Begin at the line that has "сатива Арсеньев", stop after the line that has "-Beliebter Spielzeugladen 57v0Ul3Td50WMh5", and print exactly those lines from the records below, without any pictures.

**Records for processing**.
━━━━━━━━━━━━━━━━━━━━
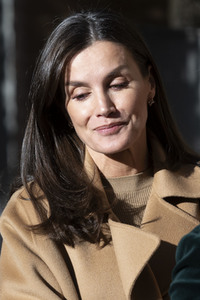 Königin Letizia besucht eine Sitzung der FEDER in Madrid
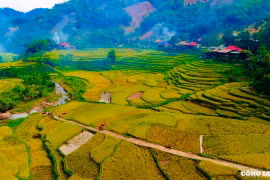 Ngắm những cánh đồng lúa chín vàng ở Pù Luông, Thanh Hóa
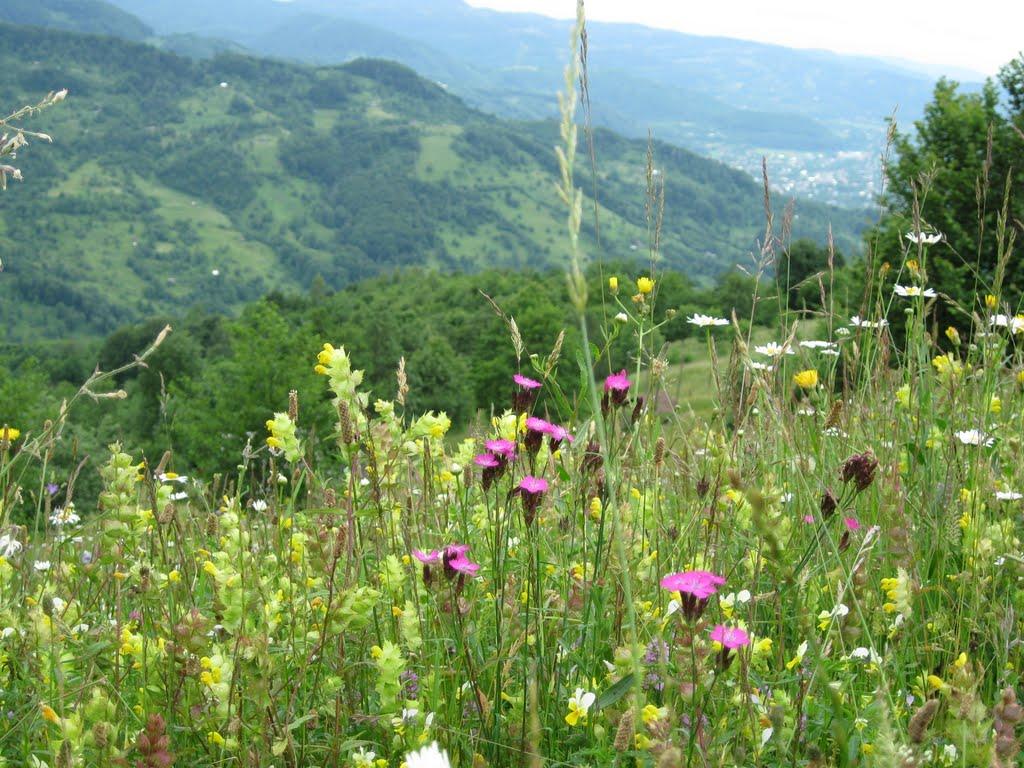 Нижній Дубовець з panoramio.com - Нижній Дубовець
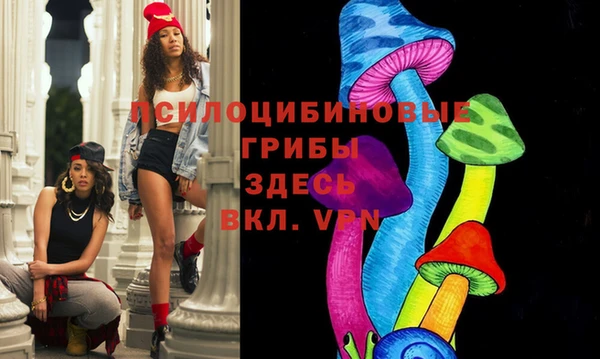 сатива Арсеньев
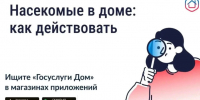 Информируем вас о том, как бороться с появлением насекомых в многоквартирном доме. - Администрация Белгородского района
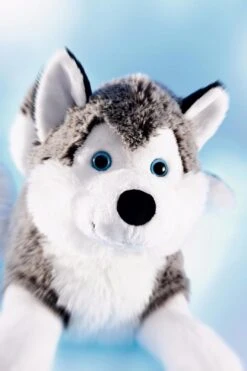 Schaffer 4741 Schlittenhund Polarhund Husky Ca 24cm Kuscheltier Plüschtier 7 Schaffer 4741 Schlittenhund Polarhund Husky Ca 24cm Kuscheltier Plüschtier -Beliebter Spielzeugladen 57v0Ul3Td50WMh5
━━━━━━━━━━━━━━━━━━━━
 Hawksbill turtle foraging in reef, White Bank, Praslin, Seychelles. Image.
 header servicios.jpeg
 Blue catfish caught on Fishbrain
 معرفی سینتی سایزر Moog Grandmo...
━━━━━━━━━━━━━━━━━━━━
**Solution to this exercise**.
 сатива Арсеньев
 Информируем вас о том, как бороться с появлением насекомых в многоквартирном доме. - Администрация Белгородского района
 Schaffer 4741 Schlittenhund Polarhund Husky Ca 24cm Kuscheltier Plüschtier 7 Schaffer 4741 Schlittenhund Polarhund Husky Ca 24cm Kuscheltier Plüschtier -Beliebter Spielzeugladen 57v0Ul3Td50WMh5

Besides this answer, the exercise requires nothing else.